Compared to most recent years, when for example I recorded 165 species in the county in 2011, 187 in 2012 and 173 in 2013, this has been a particularly poor one with just 157 species recorded by mid December - one of my worst years on record


It's all over - 2012 has come to an end. I managed a total of 187 out of the 198 species recorded all told in Buckinghamshire - 94% of the total - probably my highest-ever annual tally.

The current record is 191 species achieved in 2006 and held jointly by both Rob Hill and Simon Nichols

Tuesday, 18 September 2012

Borderline birding with a PEC' PIPER


Whilst working on a recipe of Badger, Western Sand and Blue-winged Teal hybrid correspondence, a conversation with Chris Heard at about 0900 hours stopped me on my tracks - he had just found a juvenile PECTORAL SANDPIPER close to the Bucks/Berks county border at ETON WICK.....

I quickly rounded up an email I was writing to Nick Lethaby in North America and made my way down to meet up with Chris; I also made a very quick call to Dave Cleal.

A fresh Northwesterly wind was blowing and it was part cloudy and dry. The Pec had turned up on some floodwater that had first emerged in May and had attracted interesting birds for several weeks, including a Garganey, Ruff and 2 Dunlins. It was situated immediately east of the Eton Wick wintering chiffchaff ditch just yards from Dorney Common......

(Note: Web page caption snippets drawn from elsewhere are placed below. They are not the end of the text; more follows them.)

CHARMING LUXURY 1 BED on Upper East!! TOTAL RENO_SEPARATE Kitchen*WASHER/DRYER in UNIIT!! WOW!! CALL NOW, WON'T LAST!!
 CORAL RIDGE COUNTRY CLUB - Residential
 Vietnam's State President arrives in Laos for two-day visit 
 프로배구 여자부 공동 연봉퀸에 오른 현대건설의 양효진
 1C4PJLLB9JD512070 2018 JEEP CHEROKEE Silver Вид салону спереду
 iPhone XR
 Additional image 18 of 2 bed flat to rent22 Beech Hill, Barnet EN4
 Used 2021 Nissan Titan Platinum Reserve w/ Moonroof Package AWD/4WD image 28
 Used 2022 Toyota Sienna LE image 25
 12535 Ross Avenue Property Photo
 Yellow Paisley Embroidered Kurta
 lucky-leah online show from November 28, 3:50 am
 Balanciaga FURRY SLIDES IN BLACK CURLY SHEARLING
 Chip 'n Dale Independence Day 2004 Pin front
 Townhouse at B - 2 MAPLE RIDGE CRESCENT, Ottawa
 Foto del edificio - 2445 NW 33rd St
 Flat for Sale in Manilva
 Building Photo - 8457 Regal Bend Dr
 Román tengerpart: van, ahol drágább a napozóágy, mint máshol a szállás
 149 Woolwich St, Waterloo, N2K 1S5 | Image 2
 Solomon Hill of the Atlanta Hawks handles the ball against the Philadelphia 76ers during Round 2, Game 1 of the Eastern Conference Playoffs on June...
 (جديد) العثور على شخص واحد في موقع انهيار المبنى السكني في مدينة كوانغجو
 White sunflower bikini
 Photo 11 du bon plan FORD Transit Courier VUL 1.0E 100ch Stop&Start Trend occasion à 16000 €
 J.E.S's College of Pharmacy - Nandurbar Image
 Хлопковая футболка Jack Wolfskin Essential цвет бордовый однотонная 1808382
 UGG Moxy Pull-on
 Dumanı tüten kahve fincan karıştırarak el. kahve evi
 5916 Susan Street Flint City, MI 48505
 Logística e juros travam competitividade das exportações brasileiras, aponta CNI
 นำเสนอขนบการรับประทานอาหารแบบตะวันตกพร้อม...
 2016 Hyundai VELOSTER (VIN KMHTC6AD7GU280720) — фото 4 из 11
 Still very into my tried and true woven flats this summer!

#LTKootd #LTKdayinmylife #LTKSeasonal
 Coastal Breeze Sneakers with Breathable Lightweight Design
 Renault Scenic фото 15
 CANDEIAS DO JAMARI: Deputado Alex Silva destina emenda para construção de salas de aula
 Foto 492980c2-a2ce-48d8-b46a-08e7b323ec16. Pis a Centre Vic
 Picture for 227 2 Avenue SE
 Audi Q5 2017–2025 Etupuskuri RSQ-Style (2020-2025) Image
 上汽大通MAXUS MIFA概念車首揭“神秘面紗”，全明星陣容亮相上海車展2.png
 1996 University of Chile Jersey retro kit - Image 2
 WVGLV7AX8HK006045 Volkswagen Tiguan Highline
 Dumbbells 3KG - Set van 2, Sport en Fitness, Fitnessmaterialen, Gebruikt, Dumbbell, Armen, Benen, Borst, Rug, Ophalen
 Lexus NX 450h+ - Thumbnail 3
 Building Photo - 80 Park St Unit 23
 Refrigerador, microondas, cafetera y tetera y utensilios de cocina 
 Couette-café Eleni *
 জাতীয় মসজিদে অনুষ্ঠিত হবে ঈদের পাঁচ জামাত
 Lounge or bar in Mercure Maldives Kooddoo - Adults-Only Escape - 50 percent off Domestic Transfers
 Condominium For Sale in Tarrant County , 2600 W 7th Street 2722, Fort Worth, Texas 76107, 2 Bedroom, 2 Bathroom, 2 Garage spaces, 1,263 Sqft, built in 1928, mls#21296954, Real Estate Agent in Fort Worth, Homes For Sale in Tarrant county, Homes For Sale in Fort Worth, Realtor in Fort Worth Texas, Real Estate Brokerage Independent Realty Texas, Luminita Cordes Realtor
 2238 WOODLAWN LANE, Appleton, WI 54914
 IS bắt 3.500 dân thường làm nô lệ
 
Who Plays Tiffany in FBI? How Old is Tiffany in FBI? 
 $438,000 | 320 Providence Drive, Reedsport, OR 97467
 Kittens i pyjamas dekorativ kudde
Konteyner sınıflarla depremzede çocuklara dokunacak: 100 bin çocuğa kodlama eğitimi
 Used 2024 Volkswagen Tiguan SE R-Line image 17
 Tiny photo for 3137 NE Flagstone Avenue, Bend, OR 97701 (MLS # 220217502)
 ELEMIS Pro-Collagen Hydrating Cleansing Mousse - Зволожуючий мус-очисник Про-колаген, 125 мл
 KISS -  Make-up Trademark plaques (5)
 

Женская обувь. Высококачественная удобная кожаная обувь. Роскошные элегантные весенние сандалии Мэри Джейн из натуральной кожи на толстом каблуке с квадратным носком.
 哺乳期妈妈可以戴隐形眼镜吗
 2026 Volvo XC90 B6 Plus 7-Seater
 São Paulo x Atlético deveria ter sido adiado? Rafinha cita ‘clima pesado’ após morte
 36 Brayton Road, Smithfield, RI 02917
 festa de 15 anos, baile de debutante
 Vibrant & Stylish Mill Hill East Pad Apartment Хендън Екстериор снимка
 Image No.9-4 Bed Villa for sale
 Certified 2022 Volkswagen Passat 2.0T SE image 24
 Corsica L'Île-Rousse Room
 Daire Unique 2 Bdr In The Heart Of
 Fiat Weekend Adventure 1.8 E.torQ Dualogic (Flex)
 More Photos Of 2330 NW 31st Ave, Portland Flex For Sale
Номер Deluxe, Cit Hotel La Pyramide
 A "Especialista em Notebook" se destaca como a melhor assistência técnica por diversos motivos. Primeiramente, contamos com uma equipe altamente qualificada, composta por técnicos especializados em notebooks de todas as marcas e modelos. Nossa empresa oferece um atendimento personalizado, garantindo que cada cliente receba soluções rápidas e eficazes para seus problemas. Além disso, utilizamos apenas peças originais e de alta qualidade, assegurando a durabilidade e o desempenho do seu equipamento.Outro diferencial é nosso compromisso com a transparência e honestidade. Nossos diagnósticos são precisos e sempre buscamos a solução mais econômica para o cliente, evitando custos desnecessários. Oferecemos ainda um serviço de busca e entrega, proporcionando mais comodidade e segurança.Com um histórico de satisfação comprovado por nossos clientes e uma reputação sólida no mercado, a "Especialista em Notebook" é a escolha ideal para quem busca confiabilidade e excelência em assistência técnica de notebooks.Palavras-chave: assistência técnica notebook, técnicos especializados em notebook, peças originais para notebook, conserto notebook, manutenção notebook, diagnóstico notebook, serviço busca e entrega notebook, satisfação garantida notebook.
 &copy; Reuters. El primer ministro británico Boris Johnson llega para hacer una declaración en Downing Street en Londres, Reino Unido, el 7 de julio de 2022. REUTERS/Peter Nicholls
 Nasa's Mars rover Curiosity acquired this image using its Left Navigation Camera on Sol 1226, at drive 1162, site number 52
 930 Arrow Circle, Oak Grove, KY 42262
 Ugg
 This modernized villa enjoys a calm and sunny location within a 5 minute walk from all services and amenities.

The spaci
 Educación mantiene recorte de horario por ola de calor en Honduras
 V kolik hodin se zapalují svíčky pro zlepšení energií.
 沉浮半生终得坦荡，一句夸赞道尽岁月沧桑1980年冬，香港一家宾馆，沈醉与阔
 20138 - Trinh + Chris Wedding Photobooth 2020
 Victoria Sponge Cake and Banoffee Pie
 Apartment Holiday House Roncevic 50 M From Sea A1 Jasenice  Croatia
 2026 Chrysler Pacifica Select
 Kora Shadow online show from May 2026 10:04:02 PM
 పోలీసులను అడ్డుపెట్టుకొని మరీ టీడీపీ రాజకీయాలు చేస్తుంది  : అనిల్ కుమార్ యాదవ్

I joined CDRH and Dave Cleal at about 0950 hours and immediately got on to the juvenile PECTORAL SANDPIPER. It was showing well on the extensive muddy edges of the pool and was the only wader present apart from numerous Lapwings and 4 Common Snipe. It was a very fresh juvenile, with its fresh feathers being typified by its strongly patterned upperparts and mantle/scapular 'V's'. There was a hint of rufous in the dark crown, with an obvious split supercilium and densely striated pectoral breast band. In profile, the primaries were seen to be long and pointed, with a slight pale base to the bill and quite pale orange-straw leg colour. A very distinctive bird in summary.

Although it was chased several times by a Lapwing, it did nothing more than a few short flights during the half-hour that I watched it and was still present when I departed mid to late morning.

Up to 10 Common Teal were feeding on the pool, with 1-2 HOBBIES flying over, 1-2 COMMON KINGFISHERS, 10+ YELLOW WAGTAILS with the cattle, Lesser Whitethroat, Blackcap and 1-2 CETTI'S WARBLERS in the ditch.


I then headed north to Hardmead hamlet where I had earlier promised to meet up with Rob Norris. Rob had been watching a juvenile COMMON STONECHAT for several days which this morning was joined by a second. Due to the last two severe winters, Stonechat was a bird I was struggling on this year in the county so a visit was essential. As I met Rob during the afternoon, we were immediately treated to some exceptional views of a FIELD VOLE (Microtus agrestis) running along the verge of the road outside his house. It offered some great photographic opportunities.

We then took a track running NNE and in the weeds bordering the brook between the stubble fields at SP 941 475, we soon located the two young COMMON STONECHATS, one of which was a male. I was delighted - my first of the year. The field also yielded a Yellowhammer and Reed Bunting.

Anyhow, I then headed south and back home but reading Brian Clews' email from Eton Wick on returning, I decided I had to make my way back there. Adam Bassett had also contacted me to say that the Pec was getting flushed at regular intervals and entering Bucks airspace.....


I was back on site just before 1700 hours and remained until dusk and it was not long before one of the HOBBIES had another go at perhaps catching the PEC. It wheeled over the pool and scattered all of the birds feeding on it, the juvenile PEC of course taking flight and doing a wide circuit of the field. Rather stupidly, it announced its presence by calling repeatedly and the Hobby had a couple of half-hearted attempts of pursuit before heading off. Just as Adam had suggested, the Pec did a wide circuit that did indeed include a 50-100 yard extension out over Dorney Common and thus contentiously into Buckinghamshire airspace. A bit of a steal I guess but as official boundaries stand, perfectly acceptable. After all, you are standing in Buckinghamshire when you watch it on the pool anyway.

It remained on the pool until just prior to 1900 hours but I did not see it again before dark. A number of birders came and went during the time I staked out the pool, including Dave & Jill Carter, Russell Ness, Pete Naylor, Dave Morris and Kevin Duncan.